Provided material Block Start

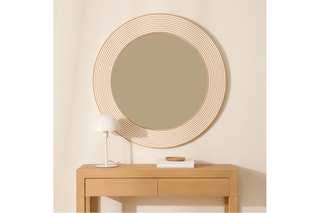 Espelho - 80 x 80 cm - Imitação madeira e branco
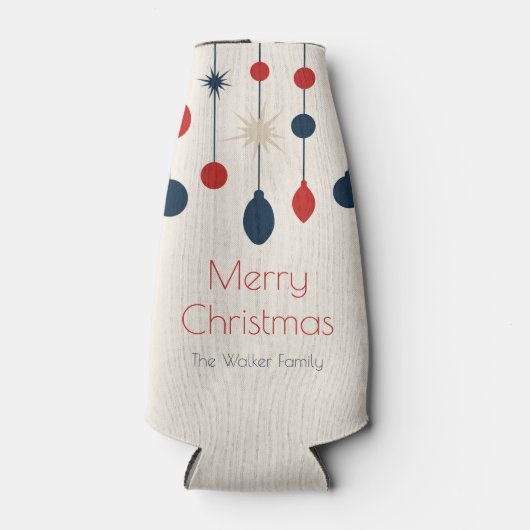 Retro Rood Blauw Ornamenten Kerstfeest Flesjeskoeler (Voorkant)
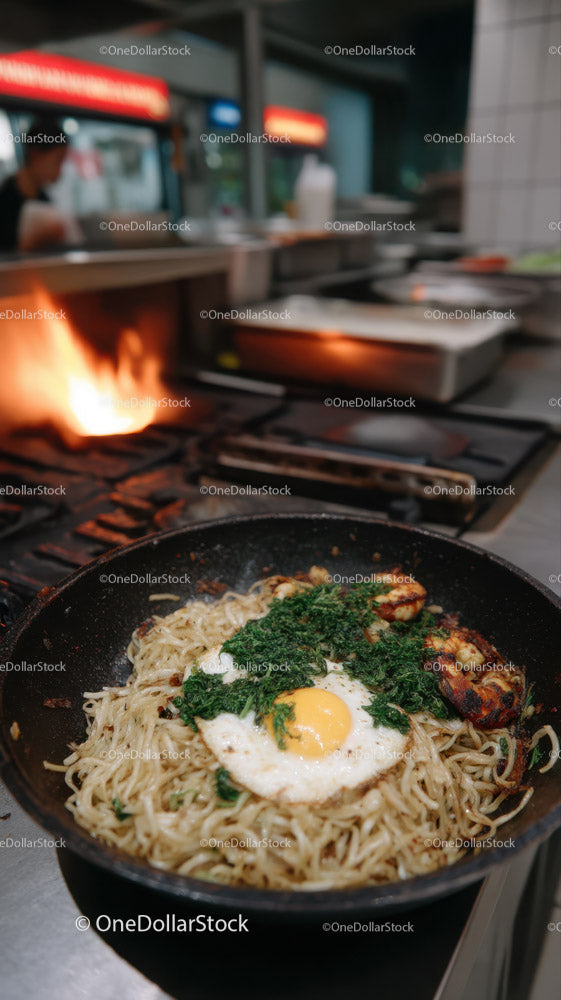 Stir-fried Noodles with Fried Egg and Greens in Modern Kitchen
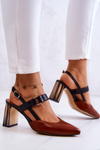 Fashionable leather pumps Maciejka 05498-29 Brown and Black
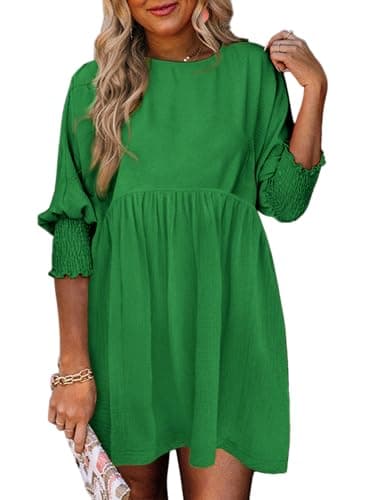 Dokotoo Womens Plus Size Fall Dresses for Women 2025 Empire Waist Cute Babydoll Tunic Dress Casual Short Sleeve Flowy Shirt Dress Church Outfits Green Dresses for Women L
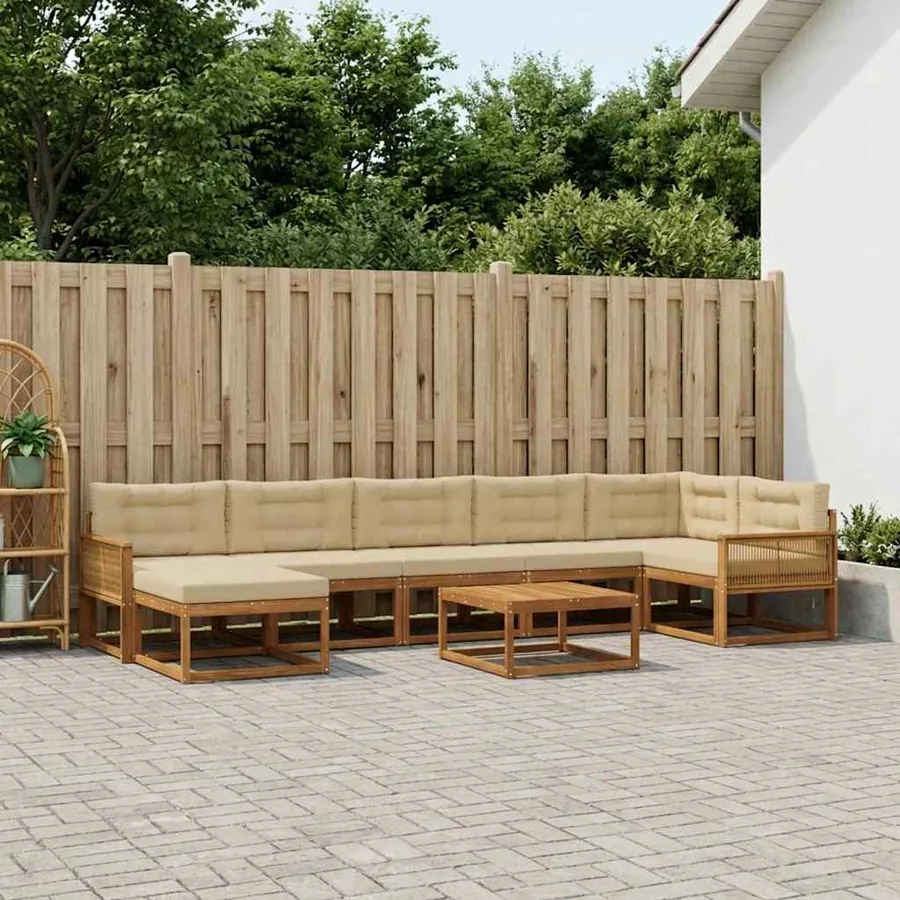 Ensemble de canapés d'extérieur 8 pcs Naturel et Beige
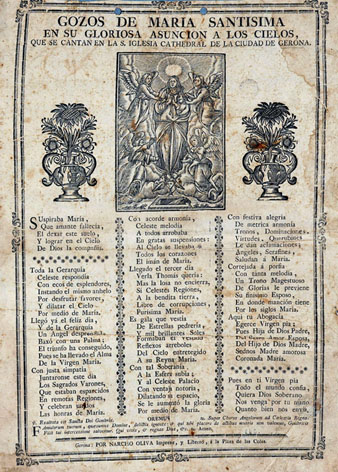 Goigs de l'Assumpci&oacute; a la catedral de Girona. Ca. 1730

Provided material Block End
Provided material Block Start

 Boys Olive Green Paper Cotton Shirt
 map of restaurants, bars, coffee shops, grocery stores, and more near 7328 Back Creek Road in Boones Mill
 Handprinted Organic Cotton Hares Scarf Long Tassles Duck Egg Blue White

Provided material Block End
Provided material Block Start

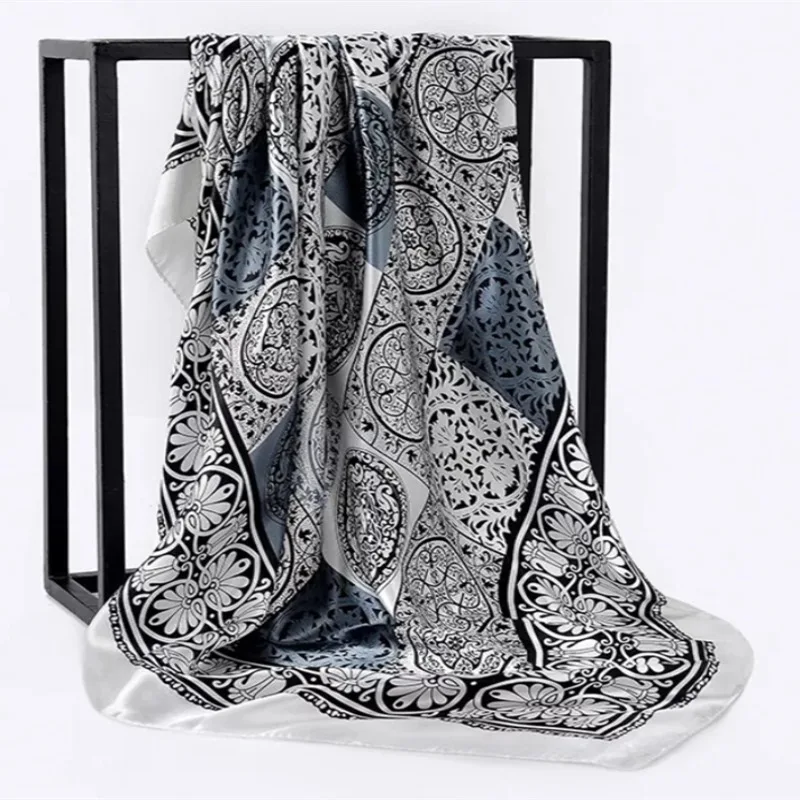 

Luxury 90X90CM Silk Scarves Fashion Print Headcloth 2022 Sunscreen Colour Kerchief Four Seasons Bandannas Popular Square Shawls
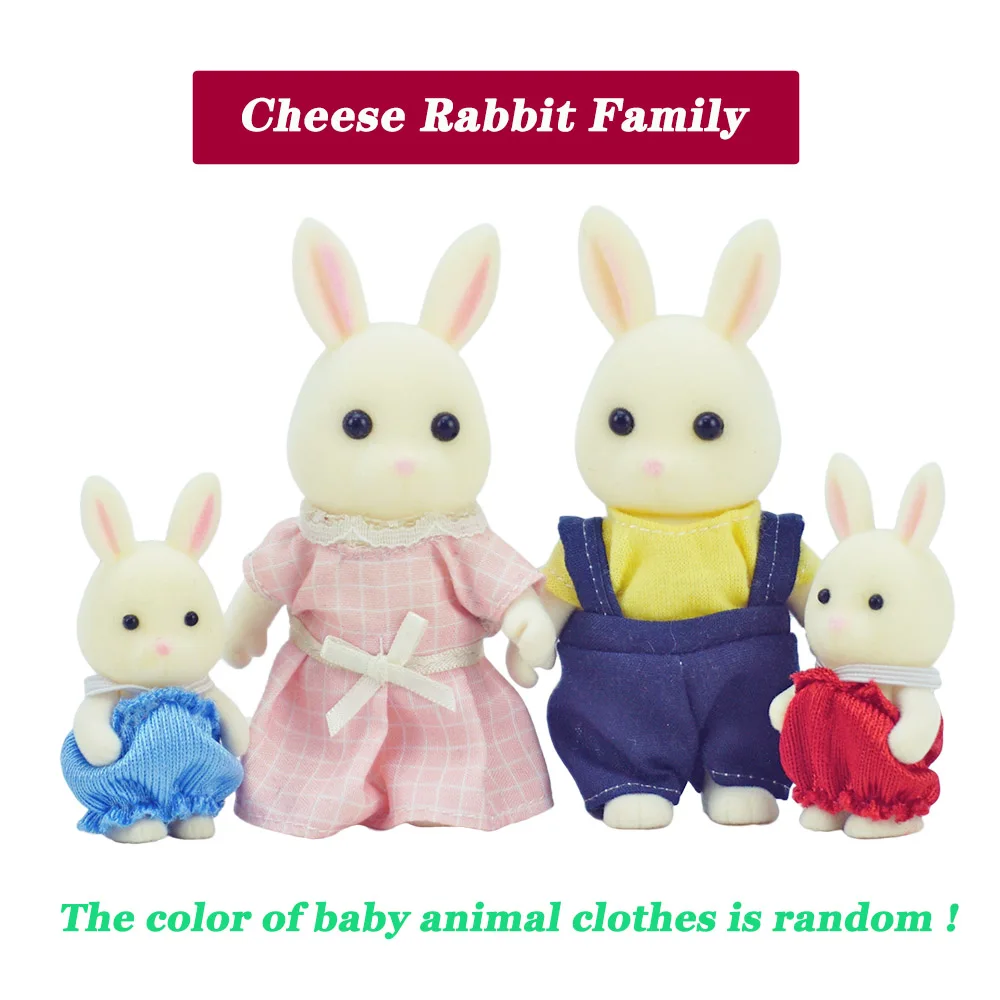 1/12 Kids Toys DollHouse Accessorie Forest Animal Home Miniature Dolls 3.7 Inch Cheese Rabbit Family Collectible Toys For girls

Provided material Block End

• _Prompt_: Track down all lines above with the string "Cotton" and copy them.

• _Response for this exercise_:
 Boys Olive Green Paper Cotton Shirt
 Handprinted Organic Cotton Hares Scarf Long Tassles Duck Egg Blue White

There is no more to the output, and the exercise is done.